Top of INPUT DATA

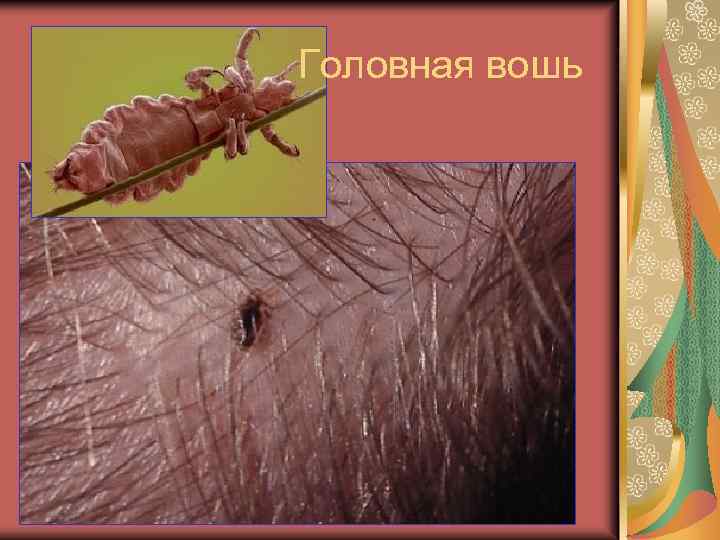 Головная вошь 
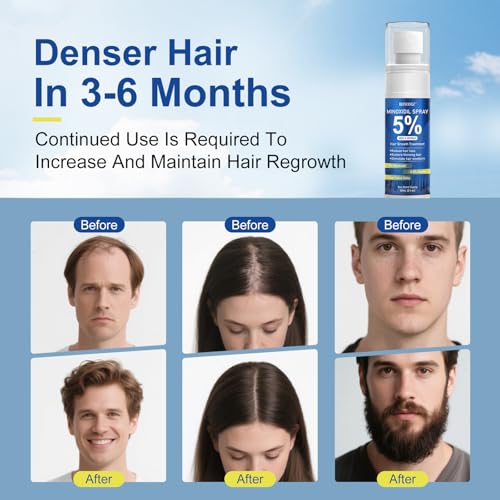 5% Minoxidil Spray for Men and Women, Infused with Biotin, for Hair Regrowth Treatment, Beard Growth, Extra Strength Treatment to Combat Hair Loss and Thinning, 3 Month Supply, 3 Bottles - Medaid International
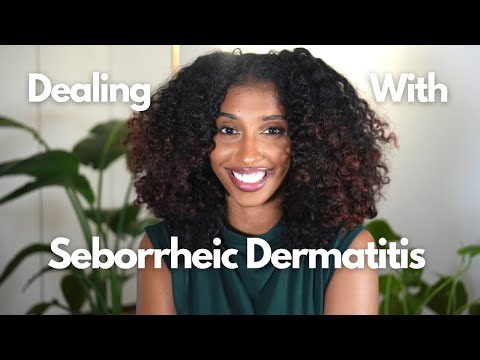 dealing with seborrheic dermatitis...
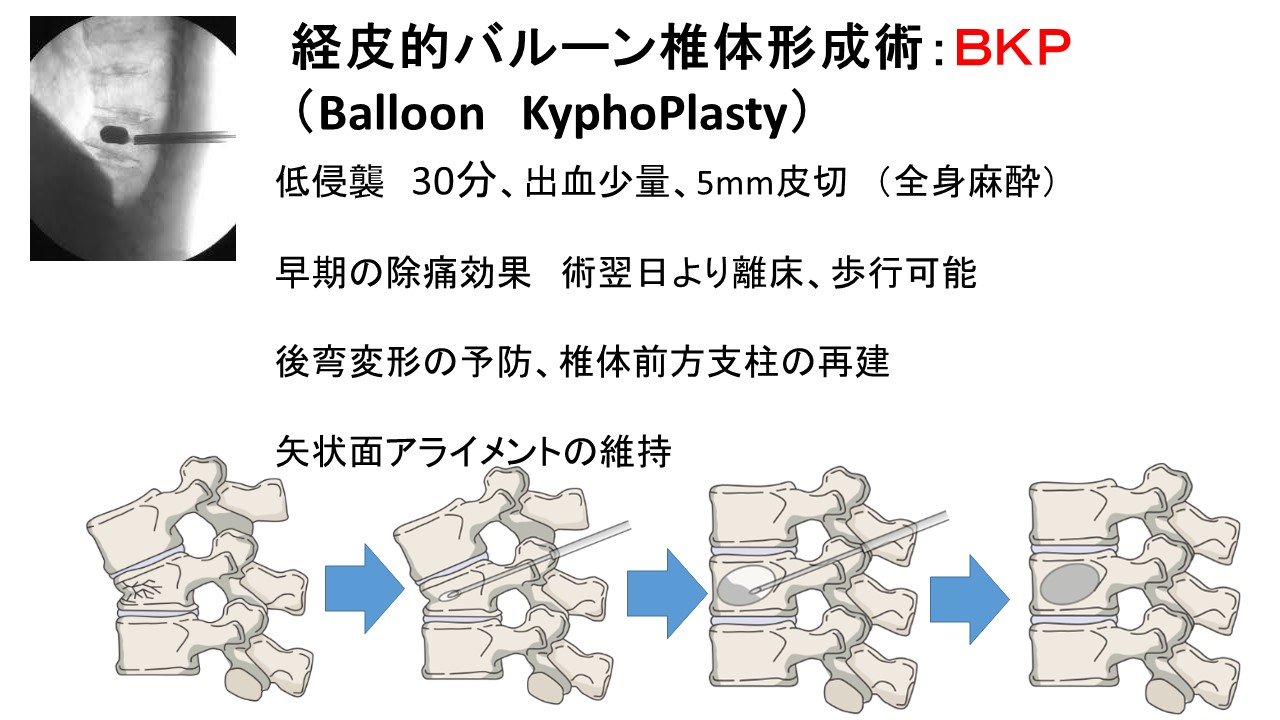 骨粗鬆症による脊椎圧迫骨折の再骨折リスクとは？最新の治療法と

Bottom of INPUT DATA

--- ACTIVITY ---
Copy out the material above in full and exactly; its pictures are not to appear.

--- WRITTEN RESPONSE ---
 Головная вошь 
 5% Minoxidil Spray for Men and Women, Infused with Biotin, for Hair Regrowth Treatment, Beard Growth, Extra Strength Treatment to Combat Hair Loss and Thinning, 3 Month Supply, 3 Bottles - Medaid International
 dealing with seborrheic dermatitis...
 骨粗鬆症による脊椎圧迫骨折の再骨折リスクとは？最新の治療法と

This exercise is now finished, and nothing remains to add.